Saturday, June 28, 2014

Kenyan economy recovers as firms take up loans

Kenya’s private-sector borrowing hit a two-year high in the first four months of 2014, growing by an average of 25pc. TEA Graphic|Photo/FILE

Kenya’s private-sector borrowing hit a two-year high in the first four months of 2014, growing by an average of 25pc.
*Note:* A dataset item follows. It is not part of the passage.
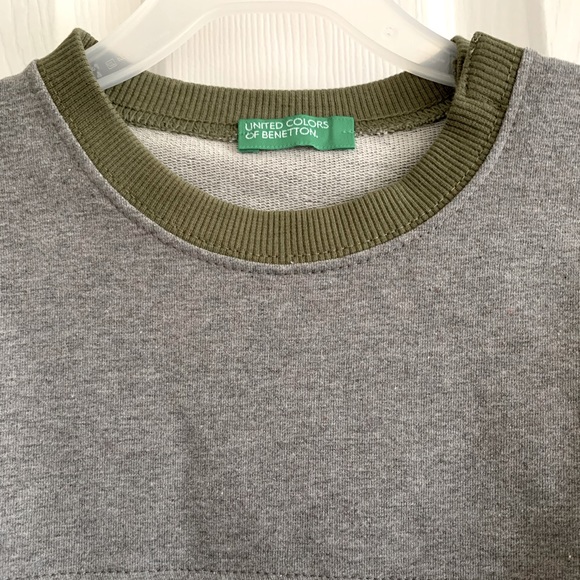 United Colors of Benetton Boys Colorblocked Sweatshirt (NEW) - Picture 3 of 6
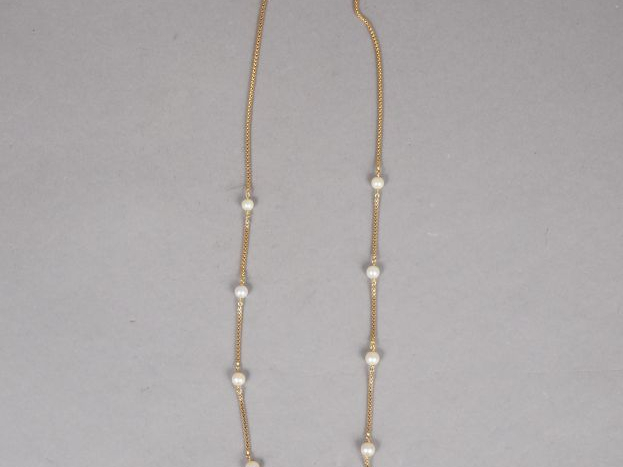 Collier sautoir en or jaune et perles.  Poids tel. 15,98 g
TEA Graphic|Photo/FILE  Nation Media Group
By SCOLA KAMAU Special Correspondent
In Summary
  • Increased credit appetite will thus come as a relief to the government as it seeks to meet its economic growth target of 5.8 per cent.
  • Experts fear Kenya may not achieve the 5.8 per cent growth target set by the government this year.

Kenya’s private-sector borrowing hit a two-year high in the first quarter of the year, driven by falling interest rates and increased credit appetite from the country’s corporate sector.

 
According to the latest data from the World Bank, private-sector borrowing expanded by an average of 25 per cent in the first four months of the year, well above the Central Bank target of 20 per cent and clear of the country’s 2013 credit growth target of 17 per cent.
The last time credit expanded by 25 per cent was in March 2012.
The growth saw the country’s banking sector extend loans worth Ksh327 billion ($3.76 billion) in the year to April or nearly 2.5 times the Ksh127 billion ($1.46 billion) that the lenders extended in the same period last year.
Private sector credit grew 23.9 per cent in the 12 months to April 2014, compared with 10.5 per cent in the period to April 2013.
The high credit appetite was fuelled by falling interest rates, which have hit a three-year low, and are expected to go down even further as the government keeps out of the local bond market, having raised $2 billion from the international market through a Eurobond. (See video)
Data from the Central Bank of Kenya (CBK) and the Kenya National Bureau of Statistics (KNBS) shows average lending rates fell to 16.49 per cent in April — a rate last seen in June 2011 — on the back of easing inflationary pressure, increased competition in the loans market and growth in the economy.
The increased credit appetite will thus come as a relief to the government as it seeks to meet its economic growth target of 5.8 per cent, up from last year’s growth of 4.7 per cent.
The uptake of loans is likely to offer relief to Treasury mandarins keen on stimulating economic activity, which in recent months has suffered from a series of setbacks including falling tourist numbers and declining tea earnings — the country’s major foreign earner.
Vimal Shah, Kenya Private Sector Alliance chairman, said the increased lending was a sign of economic recovery, which is expected to continue despite the existing hurdles.
“East Africa is becoming a hub and long-term investors seeking to get returns in 10 or 20 years to come will continue borrowing. Lending to the private sector will rise,” said Mr Shah, adding that the confidence has been reconfirmed by the recently oversubscribed bond.
Private sector
However, Polycarp Igathe, chairman of the Kenya Association of Manufacturers, said that while increased borrowing could be a sign of growth, it could also be an indicator that businesses are struggling.
“The private sector is investing to grow. However, it may also mean a cash crunch or working capital constraints. As you know, the government owes the private sector a lot of cash in VAT refunds,” said Mr Igathe.